The commission wants, when funded, to promote the language according to Article 137 of the EAC Treaty, all over theb African continent and probably the whole world to make it easier for local people to communicate in the fast economic developing globe.
Already eight semi-autonomous institutions are on a two-weeks assessment study of what is need by all institutions to adhere to the EAC central corridor that calls for the language to be utilizable.
The commission has a $23.3 million 5 years strategic plan that could start from 2017 to 2022 that needs funding to achieve its set objectives.
Prof. Kenneth Simala, the Commission’s Executive Secretary, says that Swahili would enhance political, economic and social cohesion.
“There is no need to set up institutions that are not well funded and staffed. We aren’t doing most of what we are supposed to do because of lack of funds.”
According to MP Muhia Wanjiku (Kenya), who is heading the Central Corridor team, “it makes no sense to establish an institution and yet frustrate them in their functions”.
Shedding light on the institution’s financial woes, Simala noted that, among others, partner states release funds around May “when we are at the end of the financial year” and the funds go to the reserve fund.

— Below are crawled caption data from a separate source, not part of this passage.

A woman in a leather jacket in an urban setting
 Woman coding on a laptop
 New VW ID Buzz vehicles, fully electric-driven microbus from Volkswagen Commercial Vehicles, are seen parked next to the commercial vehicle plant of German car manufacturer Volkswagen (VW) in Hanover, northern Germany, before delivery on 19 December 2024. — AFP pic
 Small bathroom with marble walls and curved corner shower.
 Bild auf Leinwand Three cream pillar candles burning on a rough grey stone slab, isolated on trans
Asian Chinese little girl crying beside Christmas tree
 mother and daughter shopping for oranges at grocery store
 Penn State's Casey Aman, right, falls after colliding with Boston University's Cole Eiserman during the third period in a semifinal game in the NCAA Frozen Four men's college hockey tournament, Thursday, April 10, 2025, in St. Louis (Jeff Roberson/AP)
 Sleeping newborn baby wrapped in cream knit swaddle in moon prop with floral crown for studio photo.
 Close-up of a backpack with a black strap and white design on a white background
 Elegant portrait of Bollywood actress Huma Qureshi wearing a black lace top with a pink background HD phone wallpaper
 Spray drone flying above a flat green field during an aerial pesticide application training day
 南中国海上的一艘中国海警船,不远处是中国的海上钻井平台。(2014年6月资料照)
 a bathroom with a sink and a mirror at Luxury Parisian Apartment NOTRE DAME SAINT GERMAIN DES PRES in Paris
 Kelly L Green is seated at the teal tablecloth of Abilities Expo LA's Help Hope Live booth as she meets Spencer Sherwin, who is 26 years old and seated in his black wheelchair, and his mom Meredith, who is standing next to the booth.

“We have problems with the auditing team because what was funded is not yet spent,”he says.
The EAC commission needs an estimated $1,553,098 to implement its work this year outside the protocol framework that has little achievements.
EAC member countries are expected to supplement the budget by at least the end of this fiscal year’s first quarter so that much of the work is done in the second.
Rwandan Member of the EAC parliament Fatuma Ndaginza said she would take up the issue regarding installing a framework to make the needed achievements.
In Rwanda Swahili is considered the fourth medium of communication after Kinyarwanda, English and French.